For instance, it gave us a whole new vocabulary, such as Scud, collateral damage, sortie, smart bomb, Wolf Blitzer, Elite Republican Guard, etc.The war caused Ted Turner's CNN to be given sudden credibility, causing many people to subscribe to cable for CNN alone. With its new image, it seems unlikely that CNN will ever fade from view now.

Television coverage also created some new sex symbols, the most publicized being NBC's Arthur Kent, also known as the "Scud Stud" and "The Desert Hunk." Since his war reports began he has been inundated with "passionate faxes from faraway fans."

Some are talking about Kent as an odds-on favorite to succeed the beleaguered Dan Rather. There is just something interesting about a correspondent in fatigues.

In fact, both Dan Rather and Tom Brokaw reporting from the war zone dressed almost identically with open neck shirt, sometimes with a turtleneck under it for the layered look. Maybe the TV war will change the acceptable dress for men forever!

On the other hand, the war also produced the predictable attacks on the messengers who bring us the news from the gulf. Although CNN's Peter Arnett was initially billed as some kind of hero reporting the bombing in Baghdad, he came under personal attack from political conservatives.
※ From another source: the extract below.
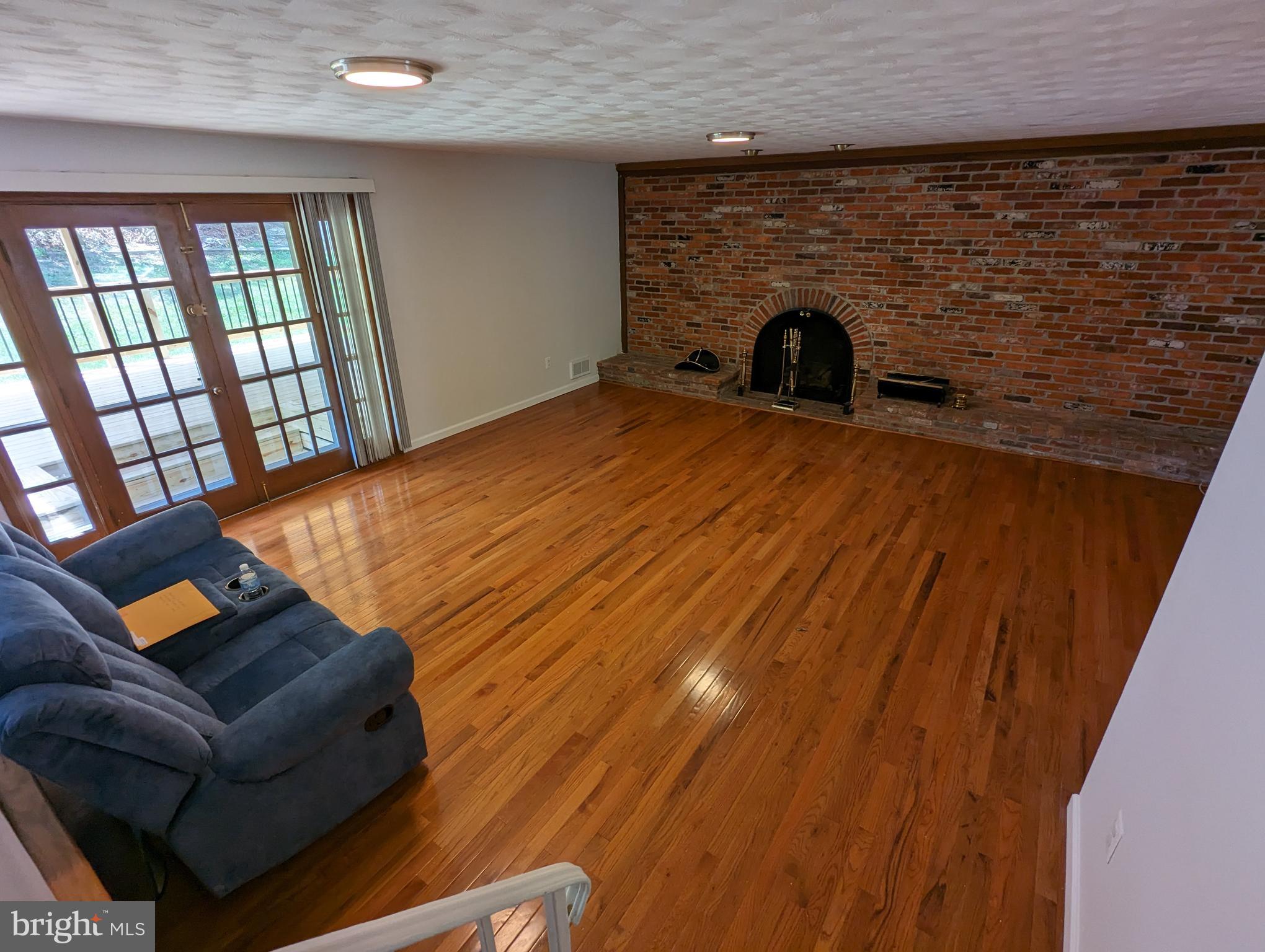 LAYHILL VILLAGE - Residential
Wyoming Sen. Alan Simpson attacked Arnett as a "sympathizer" both for his Vietnam War reports as well as for his reports from Iraq and claimed that Arnett was being honored largely because of "his anti-government material."

Simpson even threw in the cheap shot that Arnett's former Vietnamese brother-in-law was "active in the Vietcong" during the Vietnam War, a charge that has been denied by those who knew the family.
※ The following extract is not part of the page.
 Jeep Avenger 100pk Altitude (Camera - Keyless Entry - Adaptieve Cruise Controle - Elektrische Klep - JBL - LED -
After Simpson went on the attack, several other politicians echoed his feelings, including Utah's senior Sen. Jake Garn, who accused CNN of "reporting the Iraqi line," and said reporters there should get the "Tokyo Rose Award of World War II."

Even though many of us thought that any news from the war zone was better than none even if censored by Iraqis, self-styled patriots used Arnett and others as symbols of disloyalty - as if war weren't bad enough without the need to turn on each other.
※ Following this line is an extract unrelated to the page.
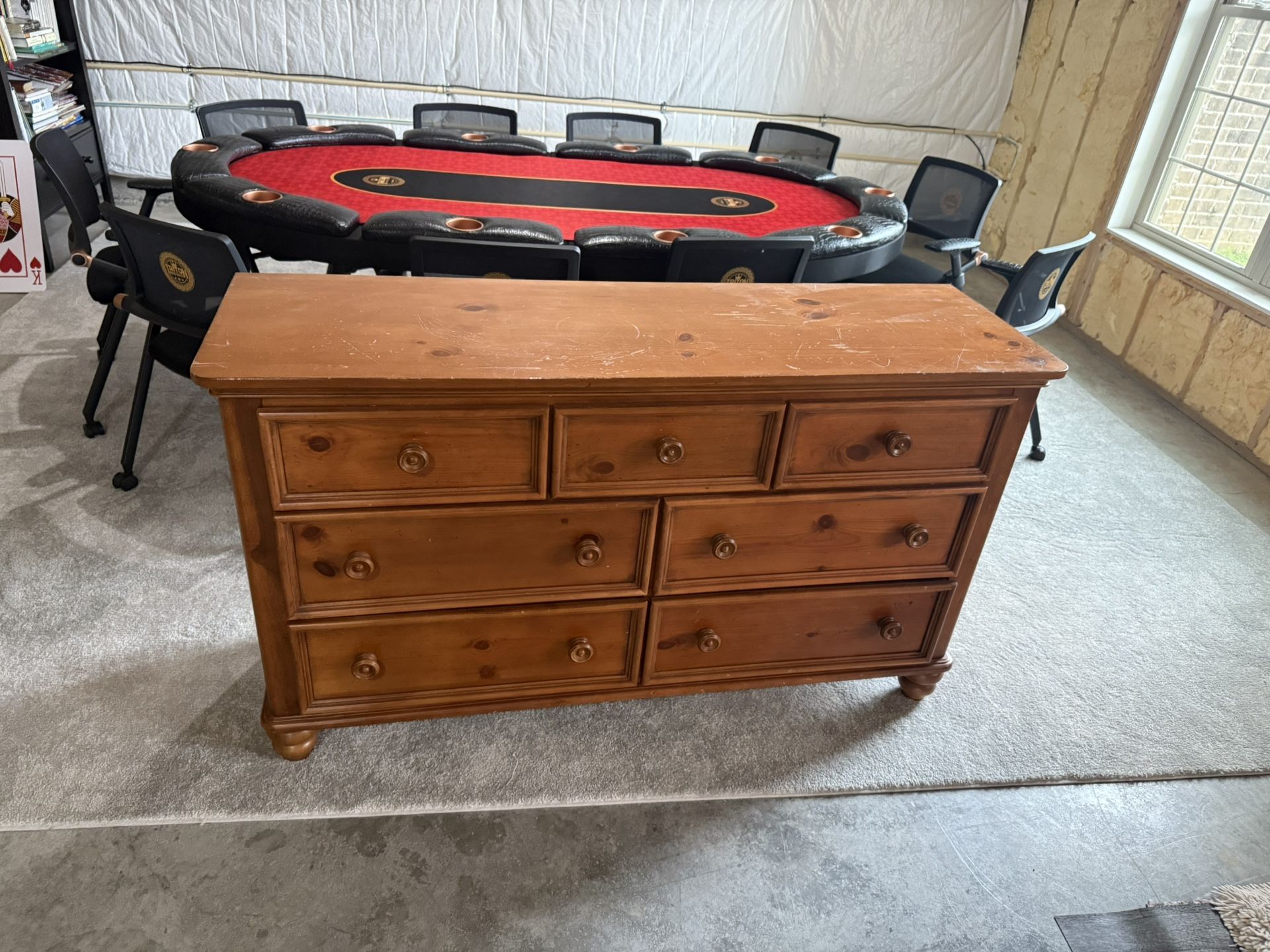 7 drawer wooded dresser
Making a buck on the war was the object of conniving souls whose patriotism got misplaced - by selling T-shirts, sweat shirts, bumper stickers, buttons and other paraphernalia.

In southern Florida, 10,000 people gathered to form a human map of the United States, with a large American flag in the center. From a helicopter, a photo was made of the scene and that photo was turned into a picture post card to send to troops in the gulf.

In Wautaga, Texas, a man set up a display on his front lawn of more than 200 Christmas lights in the colors and shape of the American flag. He promised they would remain lit until all the troops had come home.

Then what about CNN offering a video for sale with the early events of the war?

A high-tech war became a high-tack war.

Finally, anyone who has noticed President Bush's incorrect pronunciation of Saddam Hussein's name might be interested to know about evidence that it might be intentional.

Linquistic experts told New York magazine that the name Saddam has two distinctly different meanings, depending on where the accent is placed. With the accent correctly placed on the second syllable, Saddam means "learned one" or "leader."

But a native Egyptian says that the way Bush pronounces Saddam gives the name "a very vulgar meaning." He says that when "Saddam" rhymes with "Adam," the word means "a boy who fixes or cleans old shoes. It's the dirtiest possible insult in some parts of the Arab world, but you have to have spent years on the streets of Alexandria or Cairo to know it."

The war will not be easily forgotten.